The problem: Exactly reproduce the lines of the listing below from the one containing "Ostersonnenbecher Pappbecher (Vorderseite)" through the one containing "Фото Сменные микрофоны". Skip the images.

***

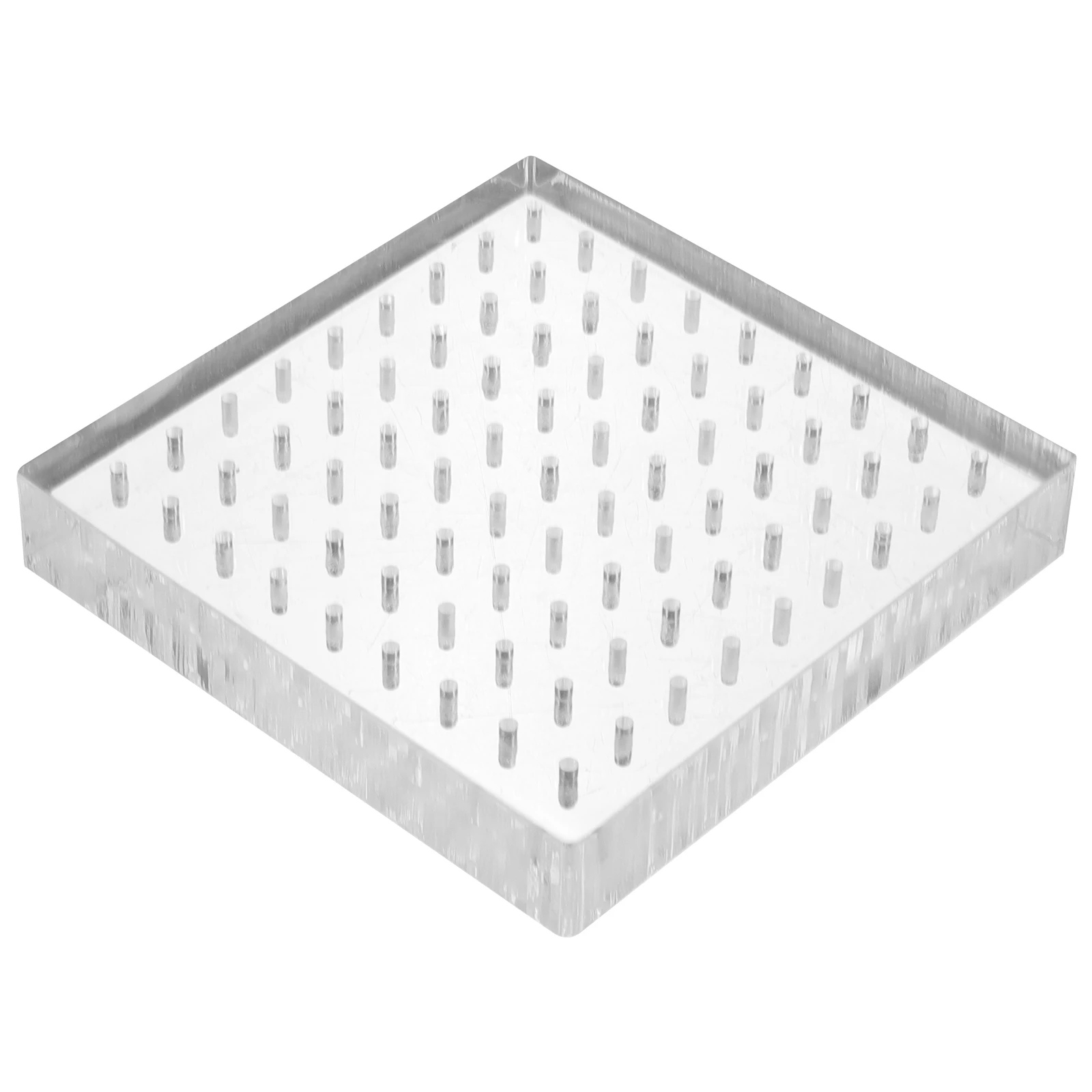 

Acrylic Display s Clear Crystal Peg for Clear Acrylic Display Crafts LED Decoration Teaching Supplies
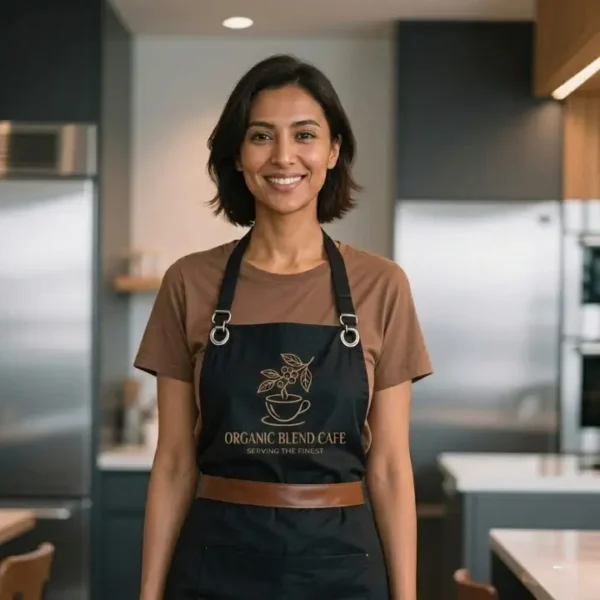 Barista apron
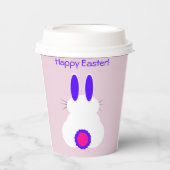 Ostersonnenbecher Pappbecher (Vorderseite)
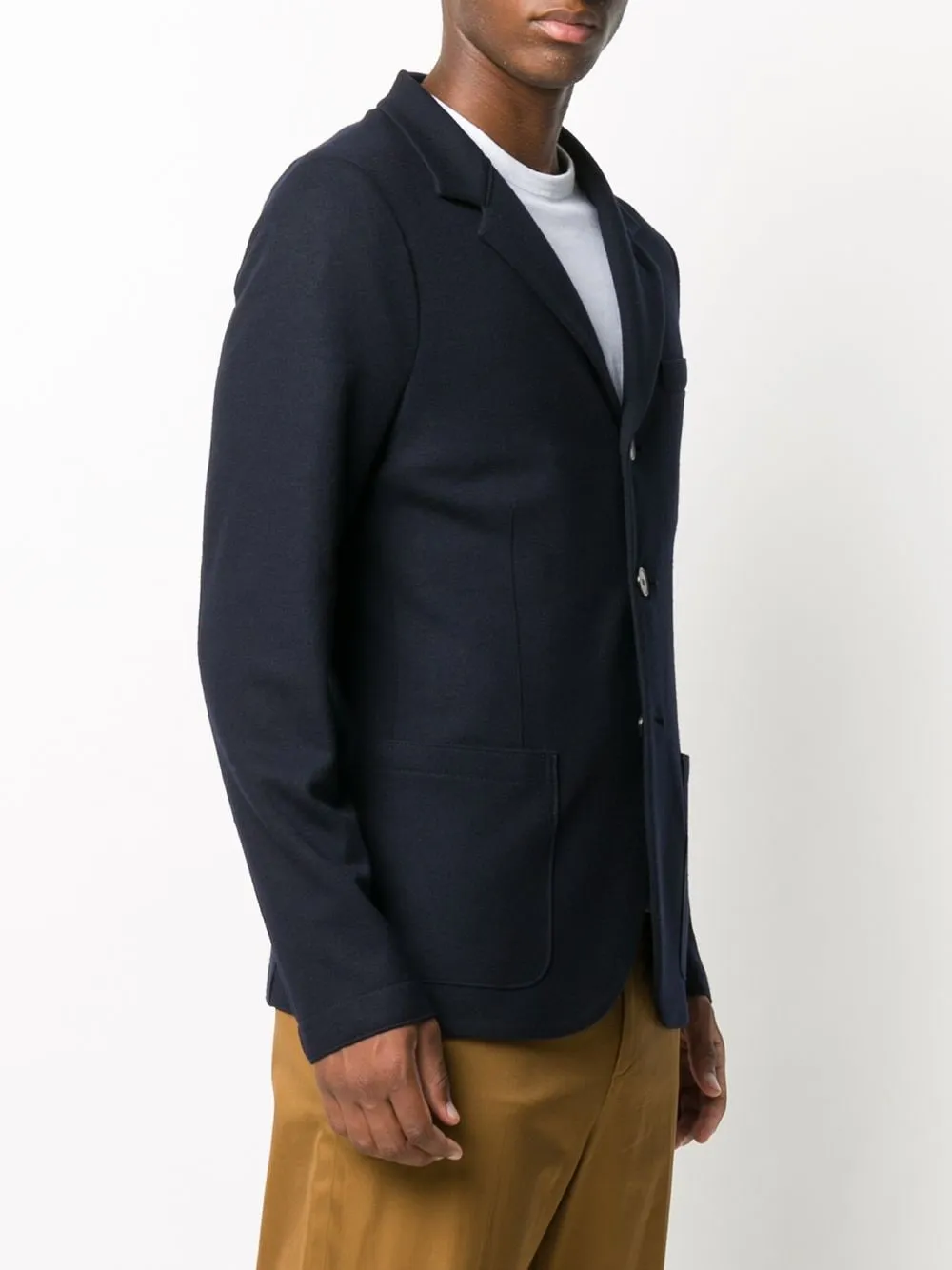 Virgin Wool Blazer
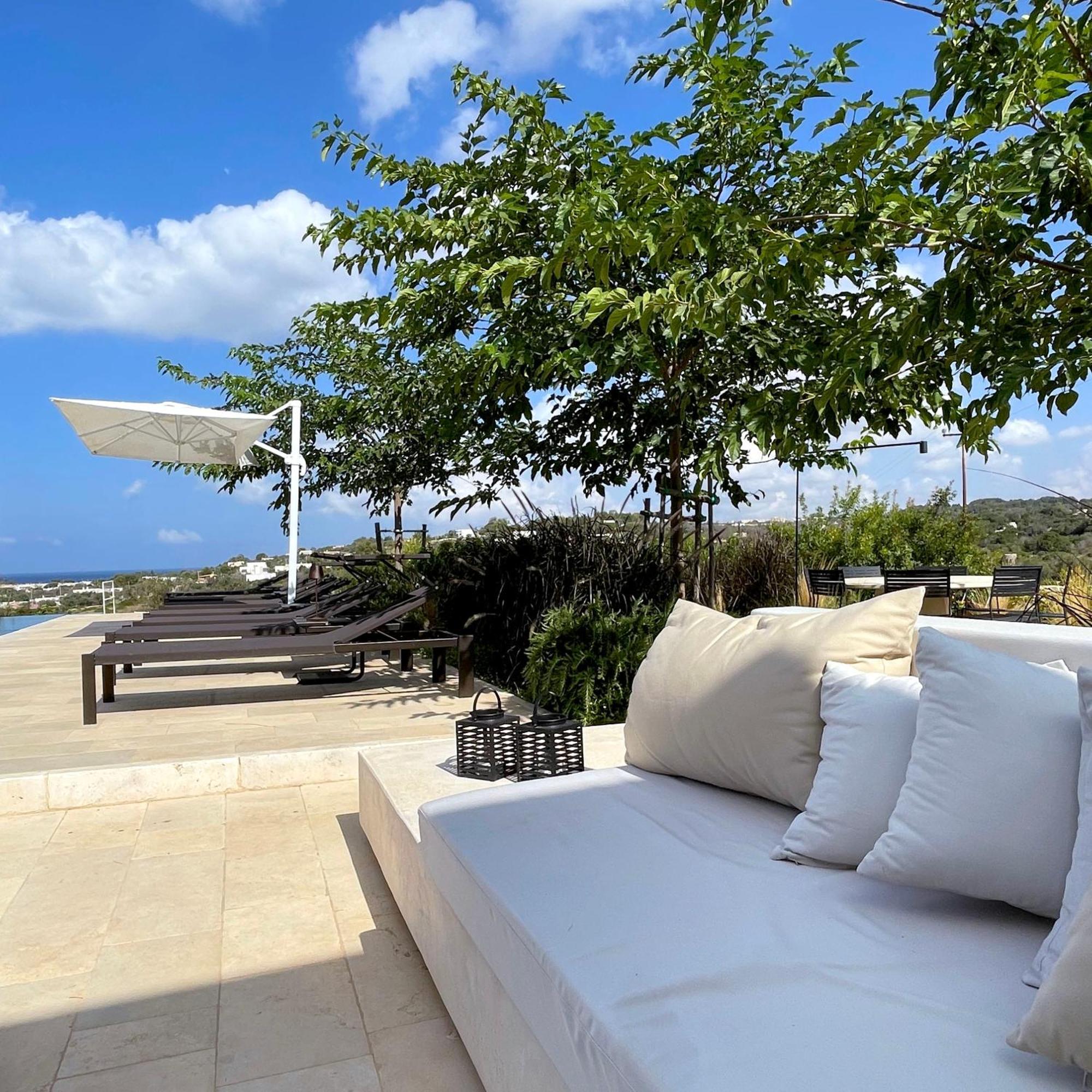 Villa Crea Santa Maria di Leuca Екстериор снимка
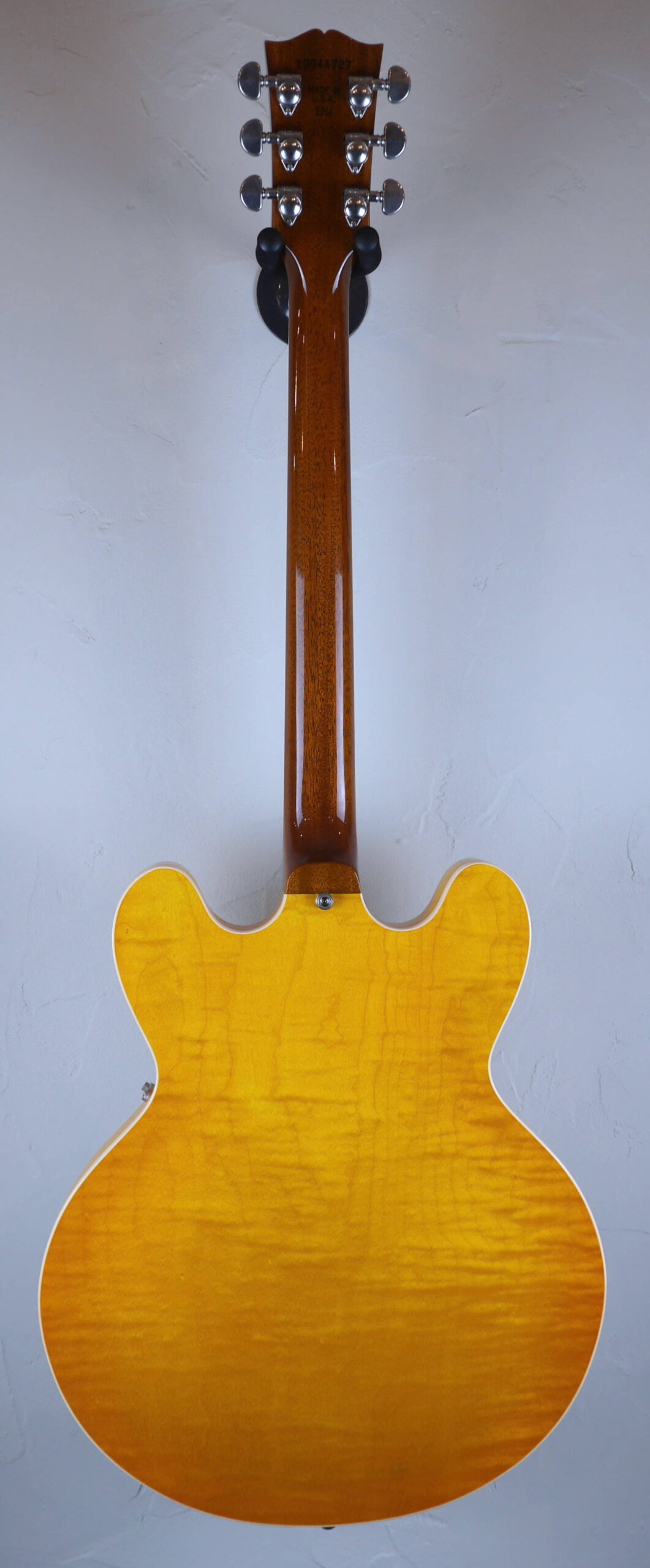 Gibson Limited Edition ES-335 Dot Figured 26/11/2014 Lemon Burst 3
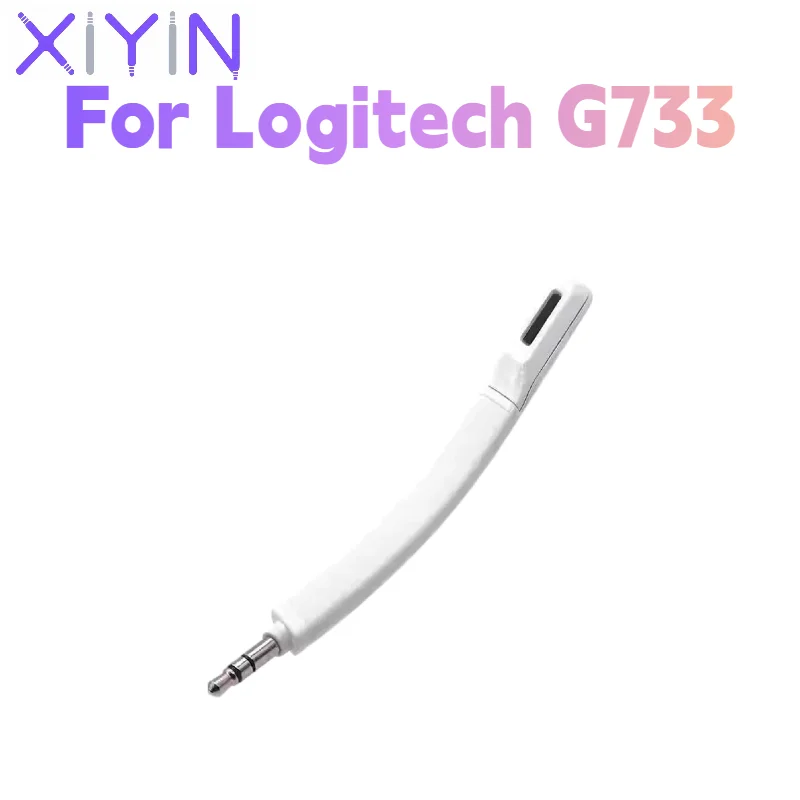 Фото Сменные микрофоны Plug and Play для беспроводных игровых наушников Logitech G733 с профессиональным шумоподавлением №4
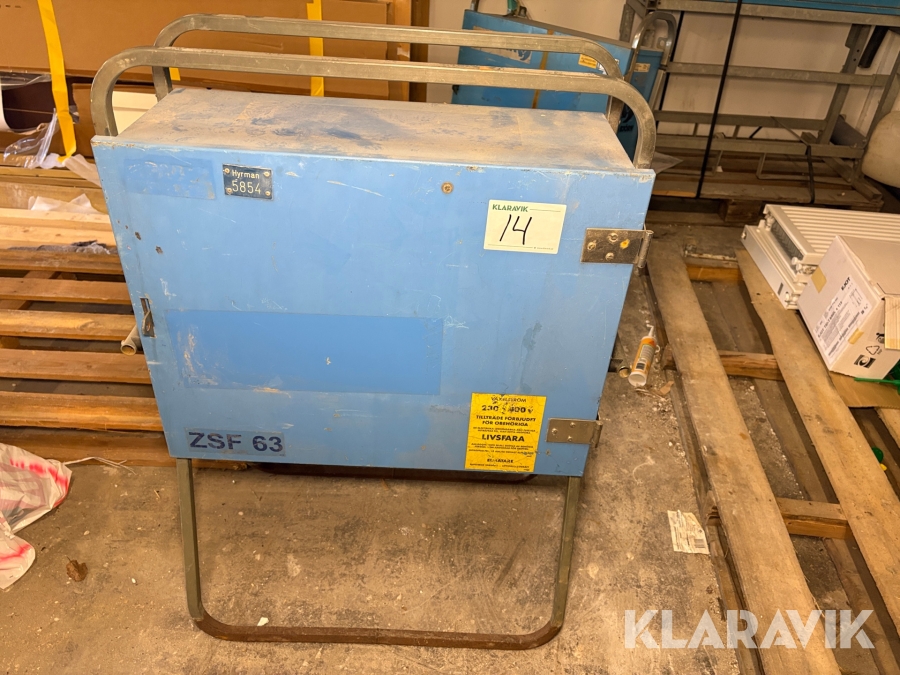 Elskåp El-Björn ZSF63/1111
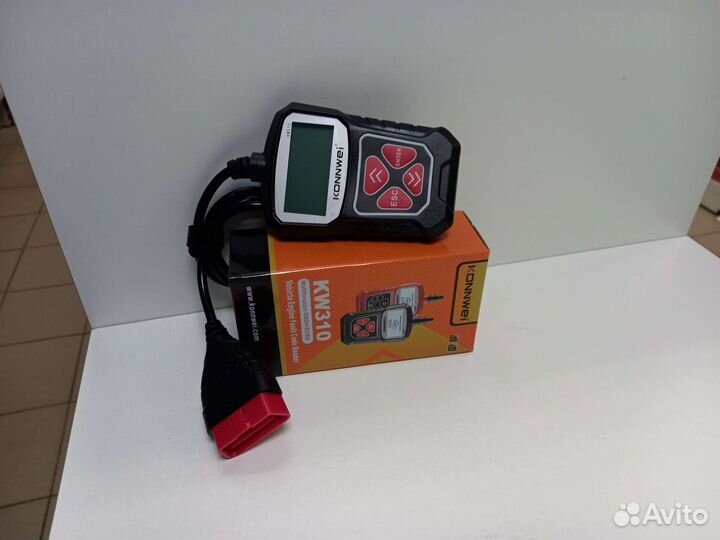 Автомобильный диагностический сканер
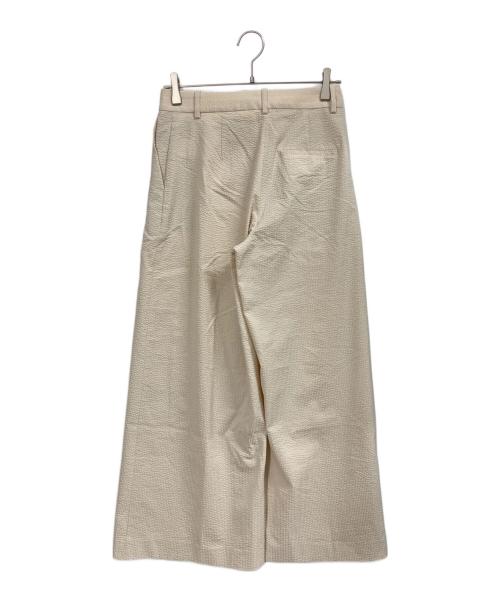 theory（セオリー）theory (セオリー) Seer Suit HW Wide Trouser ベージュ サイズ:2の古着・服飾アイテム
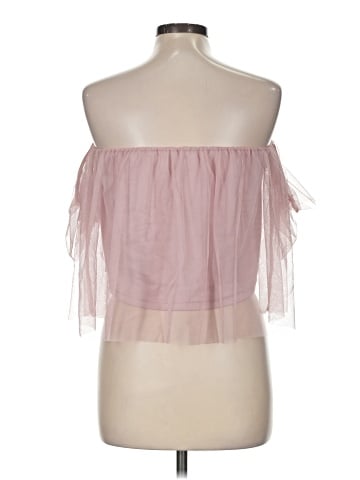 Charlotte Russe Sleeveless Blouse (view 2)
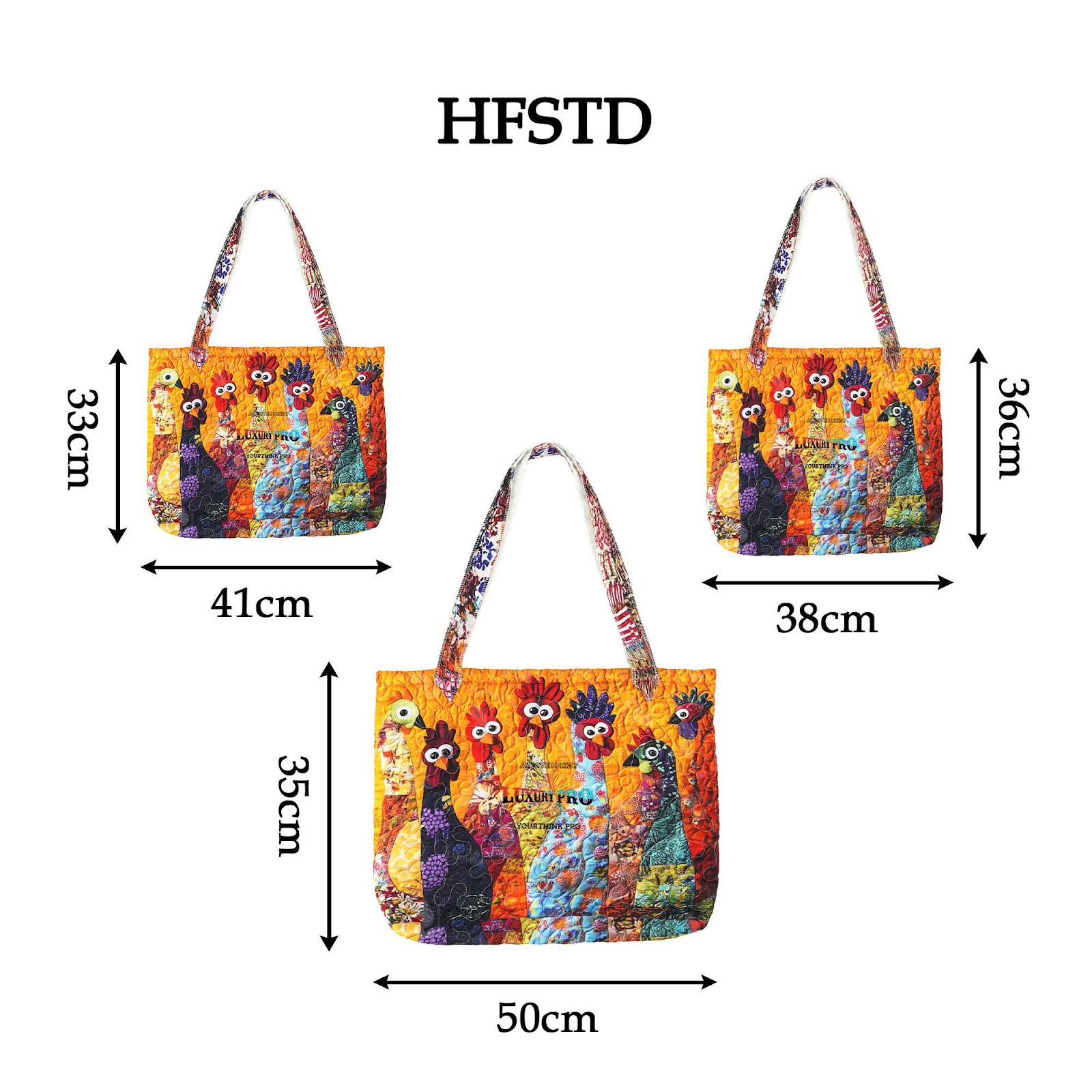 Quilted Tote Bag & Free-Motion Embroidery Wallet Set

***

Answer below:
 Ostersonnenbecher Pappbecher (Vorderseite)
 Virgin Wool Blazer
 Villa Crea Santa Maria di Leuca Екстериор снимка
 Gibson Limited Edition ES-335 Dot Figured 26/11/2014 Lemon Burst 3
 Фото Сменные микрофоны Plug and Play для беспроводных игровых наушников Logitech G733 с профессиональным шумоподавлением №4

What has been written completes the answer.